New-old habits of the postmodern heart: 'When people choose not to believe in God, they do not ... '

New-old habits of the postmodern heart: 'When people choose not to believe in God, they do not ... '

It is without a doubt the most famous quotation that journalist and Christian apologist G.K. Chesterton either (a) said, (b) never said, (c) might have said or (d) said in pieces that were latter assembled by someone else into one memorable thought.

I am referring to this statement: “When men choose not to believe in God, they do not thereafter believe in nothing, they then become capable of believing in anything.”

You can click here for a fascinating investigation into the origins of this statement. The bottom line: There are all kinds of Chesterton statements that may have evolved into this quote. I liked this part:

... Robin Rader of Zambia argued that the epigram can be found divided between two adjacent Father Brown stories:
It’s the first effect of not believing in God that you lose your common sense. [“The Oracle of the Dog” (1923)]
You hard-shelled materialists were all balanced on the very edge of belief -- of belief in almost anything. [“The Miracle of Moon Crescent” (1924)]

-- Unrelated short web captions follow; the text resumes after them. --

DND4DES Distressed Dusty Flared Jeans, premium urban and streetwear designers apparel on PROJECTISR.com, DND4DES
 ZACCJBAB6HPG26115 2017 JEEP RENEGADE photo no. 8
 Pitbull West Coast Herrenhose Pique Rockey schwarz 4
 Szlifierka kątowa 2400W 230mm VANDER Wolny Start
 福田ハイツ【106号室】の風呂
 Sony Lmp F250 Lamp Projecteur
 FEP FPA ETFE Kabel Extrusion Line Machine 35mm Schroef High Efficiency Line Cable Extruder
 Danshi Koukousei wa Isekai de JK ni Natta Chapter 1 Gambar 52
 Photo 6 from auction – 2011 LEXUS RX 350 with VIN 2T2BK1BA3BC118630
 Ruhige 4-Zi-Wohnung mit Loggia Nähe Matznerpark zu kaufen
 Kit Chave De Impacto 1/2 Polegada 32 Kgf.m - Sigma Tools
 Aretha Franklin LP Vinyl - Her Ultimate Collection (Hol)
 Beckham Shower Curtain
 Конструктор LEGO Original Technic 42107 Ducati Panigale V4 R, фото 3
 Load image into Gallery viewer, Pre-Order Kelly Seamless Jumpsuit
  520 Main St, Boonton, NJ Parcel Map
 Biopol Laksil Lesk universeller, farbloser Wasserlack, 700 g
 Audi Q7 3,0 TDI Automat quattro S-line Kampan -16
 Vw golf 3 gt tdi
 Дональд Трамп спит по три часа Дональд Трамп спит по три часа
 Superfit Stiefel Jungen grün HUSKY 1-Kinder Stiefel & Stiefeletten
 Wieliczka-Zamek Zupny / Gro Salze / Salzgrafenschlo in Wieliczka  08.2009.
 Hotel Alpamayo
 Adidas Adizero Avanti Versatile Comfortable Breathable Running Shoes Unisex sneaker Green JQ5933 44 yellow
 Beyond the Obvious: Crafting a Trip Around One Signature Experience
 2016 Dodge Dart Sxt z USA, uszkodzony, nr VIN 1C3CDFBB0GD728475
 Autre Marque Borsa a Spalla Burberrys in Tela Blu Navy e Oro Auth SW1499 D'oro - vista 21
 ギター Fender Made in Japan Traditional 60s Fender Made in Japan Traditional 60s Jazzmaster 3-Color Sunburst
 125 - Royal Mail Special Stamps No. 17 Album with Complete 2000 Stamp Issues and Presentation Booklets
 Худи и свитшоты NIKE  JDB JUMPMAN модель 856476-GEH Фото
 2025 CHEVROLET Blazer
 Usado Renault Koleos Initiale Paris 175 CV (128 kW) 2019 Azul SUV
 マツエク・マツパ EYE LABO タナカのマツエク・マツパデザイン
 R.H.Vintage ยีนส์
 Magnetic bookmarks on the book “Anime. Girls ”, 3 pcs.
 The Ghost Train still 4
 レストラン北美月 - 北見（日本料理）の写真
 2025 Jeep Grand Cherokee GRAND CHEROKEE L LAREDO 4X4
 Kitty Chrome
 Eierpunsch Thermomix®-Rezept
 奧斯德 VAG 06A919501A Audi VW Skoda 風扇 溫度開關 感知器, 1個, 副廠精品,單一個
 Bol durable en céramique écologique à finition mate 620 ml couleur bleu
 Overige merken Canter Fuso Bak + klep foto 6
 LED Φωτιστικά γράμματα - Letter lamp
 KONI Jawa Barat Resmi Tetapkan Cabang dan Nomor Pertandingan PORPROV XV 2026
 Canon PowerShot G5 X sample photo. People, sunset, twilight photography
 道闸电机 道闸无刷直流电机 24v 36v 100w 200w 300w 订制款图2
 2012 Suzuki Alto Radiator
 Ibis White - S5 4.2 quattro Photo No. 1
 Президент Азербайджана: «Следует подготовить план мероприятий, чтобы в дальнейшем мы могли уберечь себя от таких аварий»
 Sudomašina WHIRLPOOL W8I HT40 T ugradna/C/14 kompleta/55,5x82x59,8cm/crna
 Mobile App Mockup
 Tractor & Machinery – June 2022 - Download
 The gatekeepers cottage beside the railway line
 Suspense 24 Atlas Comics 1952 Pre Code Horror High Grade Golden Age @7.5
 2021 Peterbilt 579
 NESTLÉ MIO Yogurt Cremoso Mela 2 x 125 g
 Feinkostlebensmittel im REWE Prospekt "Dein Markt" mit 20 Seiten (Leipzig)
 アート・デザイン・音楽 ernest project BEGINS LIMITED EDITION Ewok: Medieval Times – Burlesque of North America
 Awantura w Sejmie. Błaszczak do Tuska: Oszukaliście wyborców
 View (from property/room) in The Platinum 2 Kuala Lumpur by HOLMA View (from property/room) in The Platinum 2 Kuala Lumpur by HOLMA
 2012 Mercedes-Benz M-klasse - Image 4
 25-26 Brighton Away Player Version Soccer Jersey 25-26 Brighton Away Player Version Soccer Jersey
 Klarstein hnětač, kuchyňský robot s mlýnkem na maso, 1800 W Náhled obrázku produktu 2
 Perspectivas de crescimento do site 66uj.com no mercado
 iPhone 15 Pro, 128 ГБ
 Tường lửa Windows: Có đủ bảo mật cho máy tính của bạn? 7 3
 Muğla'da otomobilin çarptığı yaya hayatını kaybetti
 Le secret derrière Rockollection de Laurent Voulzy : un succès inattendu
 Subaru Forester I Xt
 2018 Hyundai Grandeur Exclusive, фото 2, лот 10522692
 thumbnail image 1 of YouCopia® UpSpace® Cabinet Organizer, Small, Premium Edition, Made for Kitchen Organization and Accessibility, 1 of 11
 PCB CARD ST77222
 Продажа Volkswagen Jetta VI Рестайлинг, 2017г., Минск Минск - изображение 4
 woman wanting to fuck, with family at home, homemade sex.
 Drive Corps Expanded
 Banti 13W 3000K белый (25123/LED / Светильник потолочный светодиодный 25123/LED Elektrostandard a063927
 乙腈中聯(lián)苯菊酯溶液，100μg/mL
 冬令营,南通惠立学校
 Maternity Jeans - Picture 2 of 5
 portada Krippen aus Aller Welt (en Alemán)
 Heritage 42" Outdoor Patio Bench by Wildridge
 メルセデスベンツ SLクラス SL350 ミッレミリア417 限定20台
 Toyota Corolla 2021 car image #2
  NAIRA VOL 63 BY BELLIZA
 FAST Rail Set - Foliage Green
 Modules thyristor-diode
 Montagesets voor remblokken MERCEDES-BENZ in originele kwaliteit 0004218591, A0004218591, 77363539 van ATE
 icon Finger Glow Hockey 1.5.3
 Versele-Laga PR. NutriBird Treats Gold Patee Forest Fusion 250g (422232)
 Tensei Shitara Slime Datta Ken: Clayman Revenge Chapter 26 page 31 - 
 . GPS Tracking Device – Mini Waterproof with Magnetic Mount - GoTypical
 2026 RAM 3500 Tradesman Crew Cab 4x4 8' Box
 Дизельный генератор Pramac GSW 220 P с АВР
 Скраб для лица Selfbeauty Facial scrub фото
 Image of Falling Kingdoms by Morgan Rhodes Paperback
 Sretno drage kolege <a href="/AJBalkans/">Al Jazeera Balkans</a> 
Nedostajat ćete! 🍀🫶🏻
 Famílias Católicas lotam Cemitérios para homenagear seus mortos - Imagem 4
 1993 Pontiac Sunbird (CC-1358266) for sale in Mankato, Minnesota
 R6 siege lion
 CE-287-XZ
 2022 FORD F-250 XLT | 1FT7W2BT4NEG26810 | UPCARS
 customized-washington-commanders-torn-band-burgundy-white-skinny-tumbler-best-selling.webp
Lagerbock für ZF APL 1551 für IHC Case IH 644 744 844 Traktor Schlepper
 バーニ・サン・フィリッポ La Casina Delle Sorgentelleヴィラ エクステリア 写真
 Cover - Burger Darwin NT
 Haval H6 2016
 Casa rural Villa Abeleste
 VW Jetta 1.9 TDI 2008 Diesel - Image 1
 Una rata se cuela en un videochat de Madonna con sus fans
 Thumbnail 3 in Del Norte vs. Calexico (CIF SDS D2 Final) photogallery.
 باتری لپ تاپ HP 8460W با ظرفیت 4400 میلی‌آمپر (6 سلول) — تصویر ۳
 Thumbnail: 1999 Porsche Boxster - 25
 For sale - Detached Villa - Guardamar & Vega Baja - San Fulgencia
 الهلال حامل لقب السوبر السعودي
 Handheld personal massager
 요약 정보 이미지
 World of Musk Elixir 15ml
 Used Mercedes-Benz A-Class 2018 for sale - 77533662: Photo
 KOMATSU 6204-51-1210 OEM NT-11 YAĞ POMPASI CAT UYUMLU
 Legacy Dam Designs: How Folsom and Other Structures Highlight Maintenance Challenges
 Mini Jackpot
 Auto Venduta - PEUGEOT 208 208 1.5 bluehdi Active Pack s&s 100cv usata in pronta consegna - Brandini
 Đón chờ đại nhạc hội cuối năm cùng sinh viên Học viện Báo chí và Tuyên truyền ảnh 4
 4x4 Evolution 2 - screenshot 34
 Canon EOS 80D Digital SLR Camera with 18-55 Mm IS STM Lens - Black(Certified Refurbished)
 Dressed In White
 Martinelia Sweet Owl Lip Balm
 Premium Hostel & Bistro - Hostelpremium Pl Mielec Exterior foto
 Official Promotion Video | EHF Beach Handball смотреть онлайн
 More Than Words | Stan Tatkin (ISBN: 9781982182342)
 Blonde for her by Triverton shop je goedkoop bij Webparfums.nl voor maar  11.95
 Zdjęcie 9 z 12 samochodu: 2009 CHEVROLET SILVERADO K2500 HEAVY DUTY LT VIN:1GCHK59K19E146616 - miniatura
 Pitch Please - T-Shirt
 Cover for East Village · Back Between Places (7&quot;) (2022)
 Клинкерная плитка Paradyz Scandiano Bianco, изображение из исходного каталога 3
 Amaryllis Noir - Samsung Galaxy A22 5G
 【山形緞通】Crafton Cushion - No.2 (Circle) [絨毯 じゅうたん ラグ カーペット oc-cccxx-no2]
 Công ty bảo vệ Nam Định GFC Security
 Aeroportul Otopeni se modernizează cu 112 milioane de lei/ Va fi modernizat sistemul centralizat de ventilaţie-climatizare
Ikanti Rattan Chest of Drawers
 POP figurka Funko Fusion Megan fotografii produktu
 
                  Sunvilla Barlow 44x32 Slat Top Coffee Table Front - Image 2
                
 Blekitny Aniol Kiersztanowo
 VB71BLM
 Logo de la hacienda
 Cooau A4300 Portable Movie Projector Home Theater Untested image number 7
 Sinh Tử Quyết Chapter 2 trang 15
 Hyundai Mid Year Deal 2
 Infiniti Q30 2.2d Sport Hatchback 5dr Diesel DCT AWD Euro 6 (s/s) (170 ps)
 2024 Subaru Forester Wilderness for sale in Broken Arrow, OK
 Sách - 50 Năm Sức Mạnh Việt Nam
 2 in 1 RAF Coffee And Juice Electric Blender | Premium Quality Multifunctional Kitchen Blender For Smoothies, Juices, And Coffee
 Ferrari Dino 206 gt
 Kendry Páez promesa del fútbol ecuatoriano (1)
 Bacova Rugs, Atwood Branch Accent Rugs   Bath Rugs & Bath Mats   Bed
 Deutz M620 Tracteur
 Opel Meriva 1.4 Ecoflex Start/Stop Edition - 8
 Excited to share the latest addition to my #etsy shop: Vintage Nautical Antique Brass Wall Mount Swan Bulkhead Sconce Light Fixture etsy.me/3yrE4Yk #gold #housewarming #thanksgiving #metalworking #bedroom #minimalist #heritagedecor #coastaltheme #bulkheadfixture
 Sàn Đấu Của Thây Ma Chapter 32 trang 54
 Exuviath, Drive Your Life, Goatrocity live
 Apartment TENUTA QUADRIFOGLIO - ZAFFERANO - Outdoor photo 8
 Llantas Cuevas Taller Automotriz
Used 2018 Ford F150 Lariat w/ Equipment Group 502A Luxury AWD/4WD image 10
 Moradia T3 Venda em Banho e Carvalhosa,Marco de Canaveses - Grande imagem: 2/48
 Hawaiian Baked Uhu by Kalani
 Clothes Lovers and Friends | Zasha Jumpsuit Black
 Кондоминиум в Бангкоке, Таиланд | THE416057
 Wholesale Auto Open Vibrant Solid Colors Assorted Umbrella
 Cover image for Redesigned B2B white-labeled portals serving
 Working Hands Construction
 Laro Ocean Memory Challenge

I bring this up because this famous Chesterton semi-quote offers a perfect summary of what I felt recently while walking the streets of Prague, thinking about some recent Pew Research Center survey work about religion in Central and Eastern Europe, and the Czech Republic in particular. That turned into my "On Religion" column this past week, which then served as the hook for this week's Crossroads podcast. Click here to tune that in.

But before we get to that, please do this for me. Read the Chesterton statements again and then read this headline from a recent "Gray Matter" essay in The New York Times: "Don’t Believe in God? Maybe You’ll Try U.F.O.s."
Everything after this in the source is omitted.